Omitting every picture, output the records below exactly, please.

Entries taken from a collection
- - - -

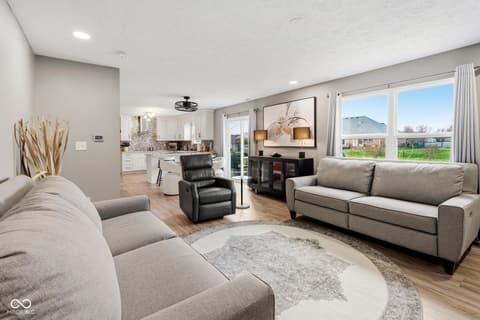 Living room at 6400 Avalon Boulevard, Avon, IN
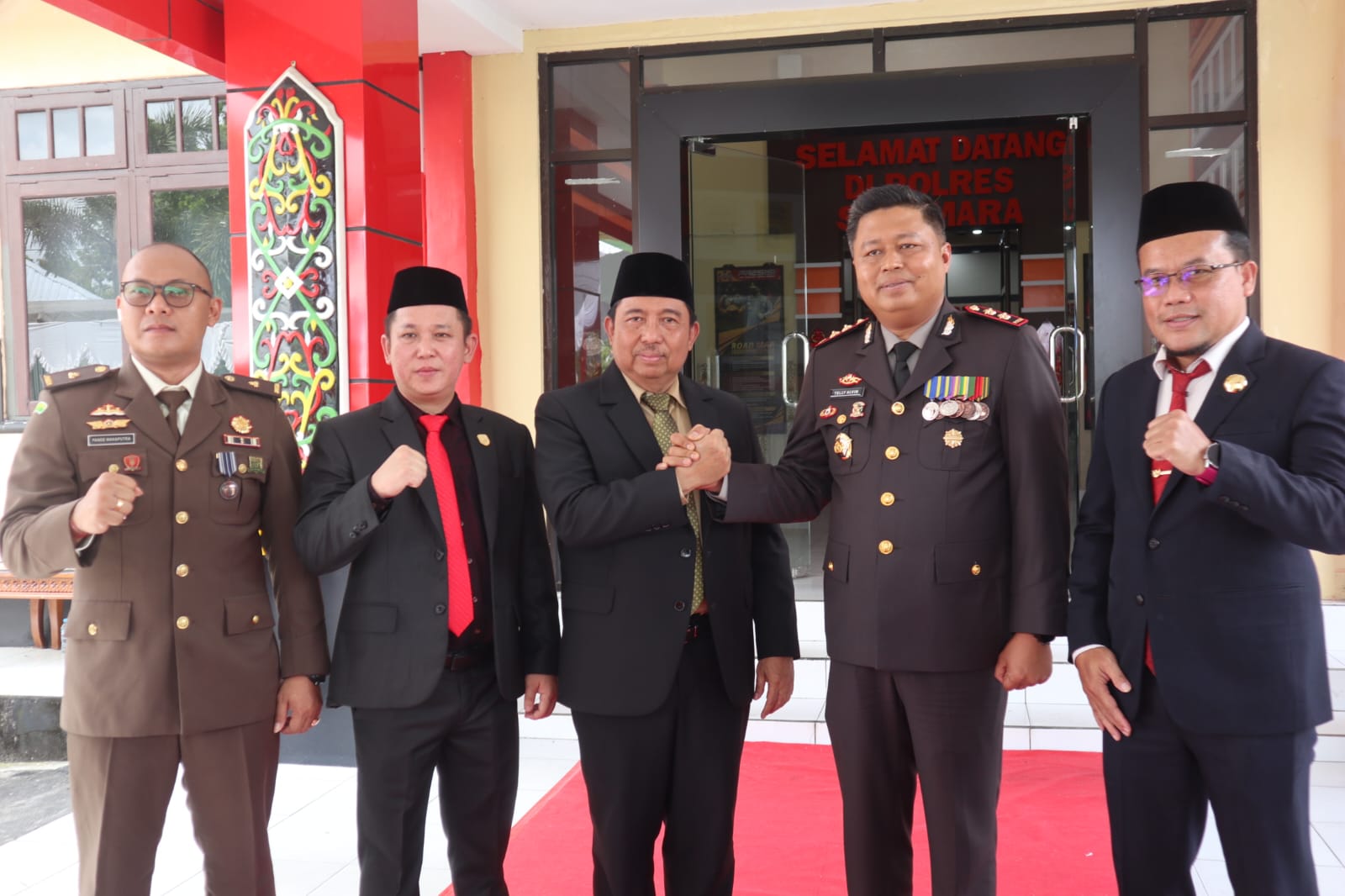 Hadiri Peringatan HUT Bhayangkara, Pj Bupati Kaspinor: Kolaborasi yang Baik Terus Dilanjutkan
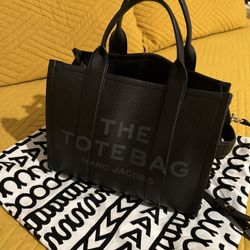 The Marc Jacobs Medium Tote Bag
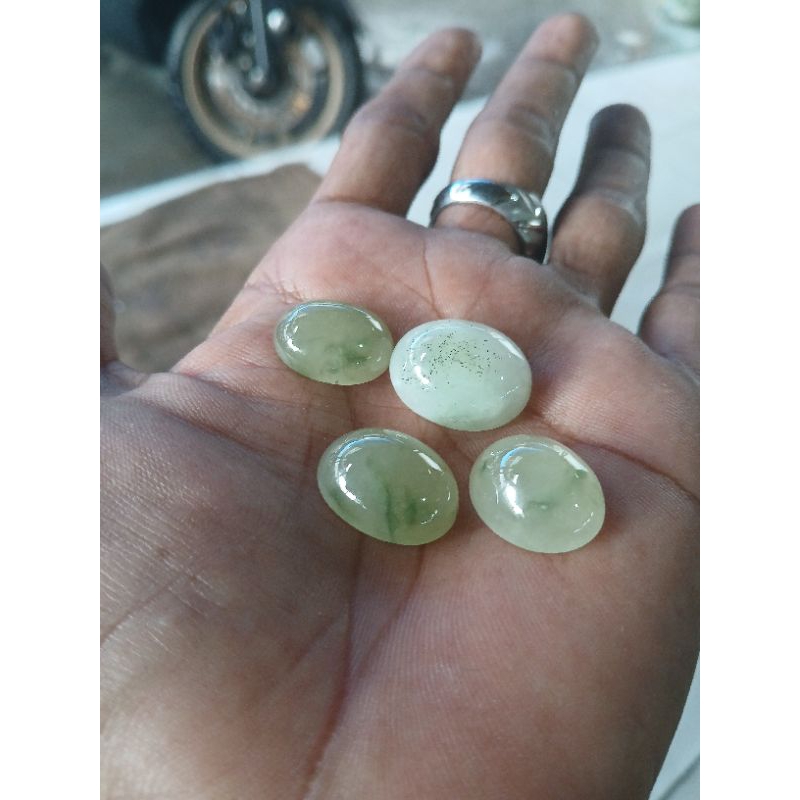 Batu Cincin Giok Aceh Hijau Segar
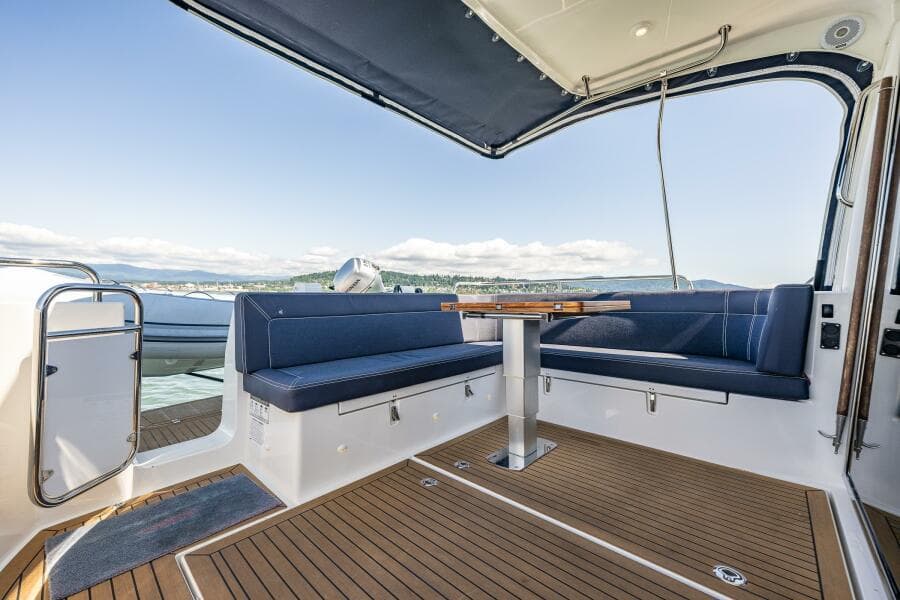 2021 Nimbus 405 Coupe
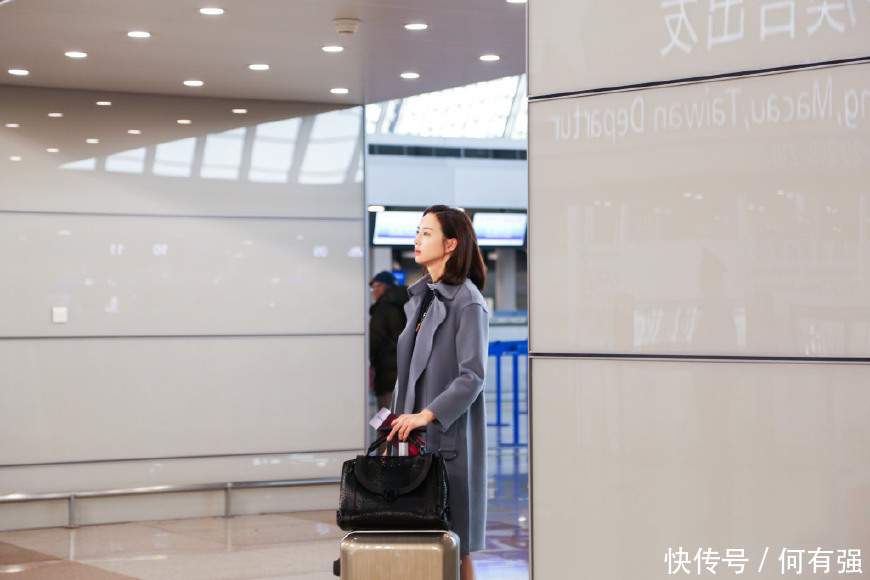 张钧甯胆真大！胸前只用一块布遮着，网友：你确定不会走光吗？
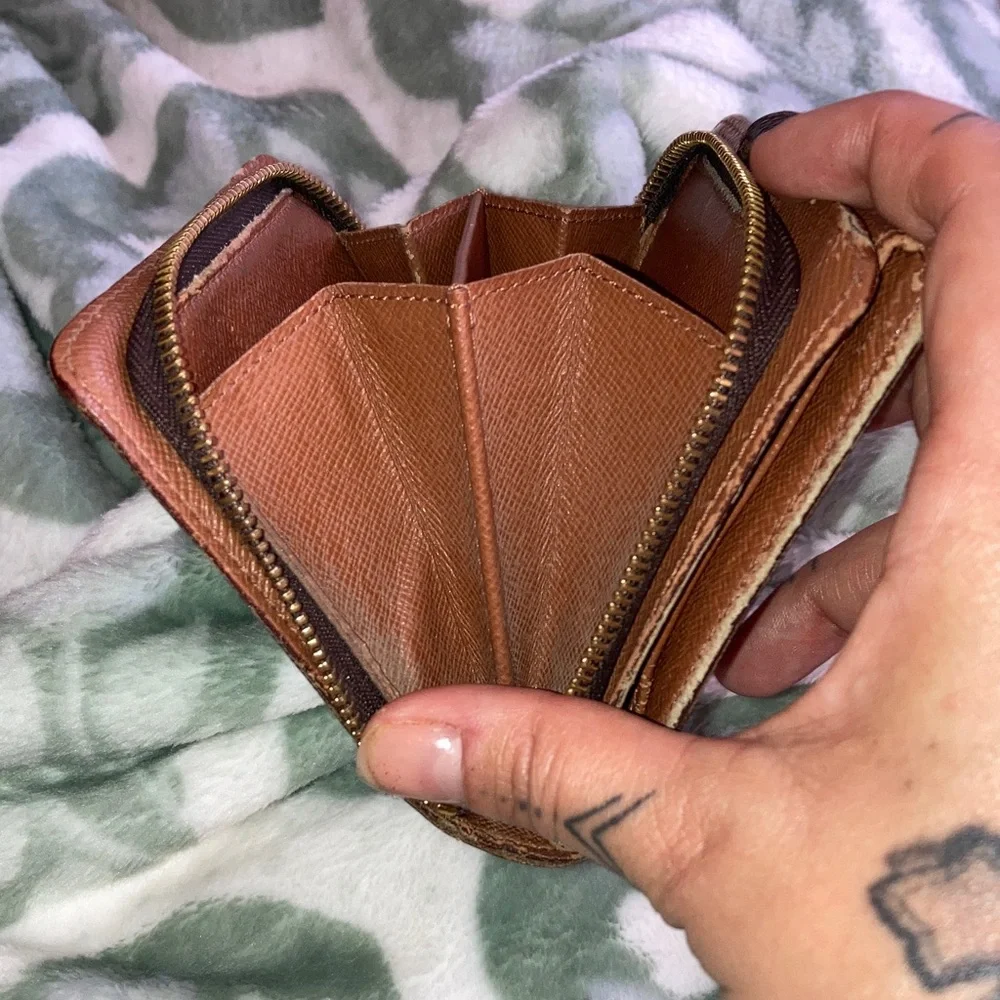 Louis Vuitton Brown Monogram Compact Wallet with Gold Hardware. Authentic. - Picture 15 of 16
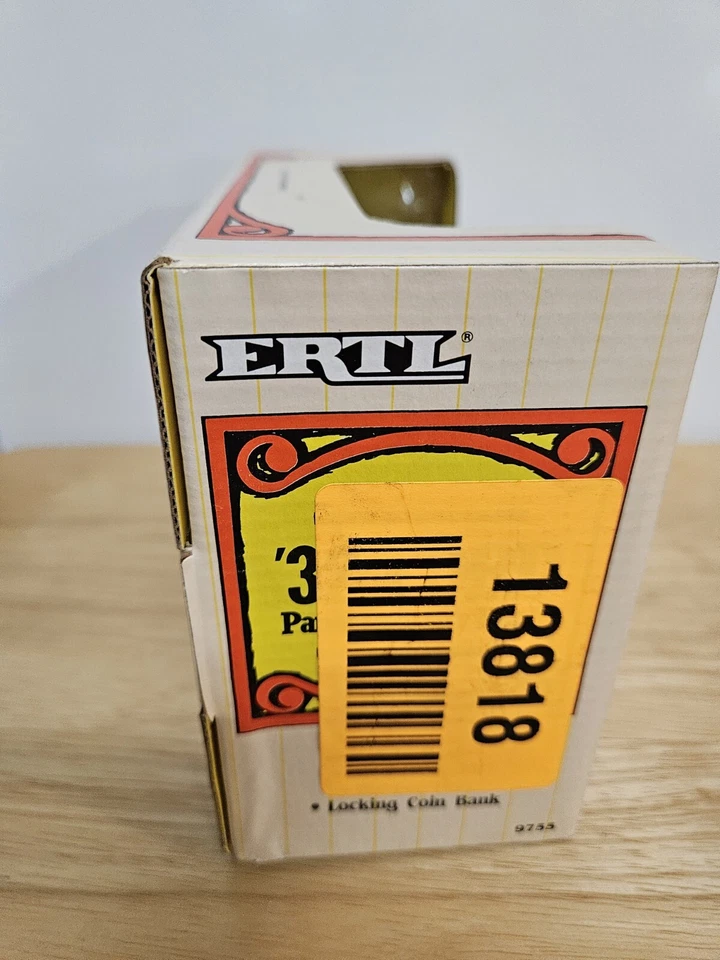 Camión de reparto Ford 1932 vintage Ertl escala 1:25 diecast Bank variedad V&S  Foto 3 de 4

- - - -

> _EXERCISE RESPONSE_:
 Living room at 6400 Avalon Boulevard, Avon, IN
 Hadiri Peringatan HUT Bhayangkara, Pj Bupati Kaspinor: Kolaborasi yang Baik Terus Dilanjutkan
 The Marc Jacobs Medium Tote Bag
 Batu Cincin Giok Aceh Hijau Segar
 2021 Nimbus 405 Coupe
 张钧甯胆真大！胸前只用一块布遮着，网友：你确定不会走光吗？
 Louis Vuitton Brown Monogram Compact Wallet with Gold Hardware. Authentic. - Picture 15 of 16
 Camión de reparto Ford 1932 vintage Ertl escala 1:25 diecast Bank variedad V&S  Foto 3 de 4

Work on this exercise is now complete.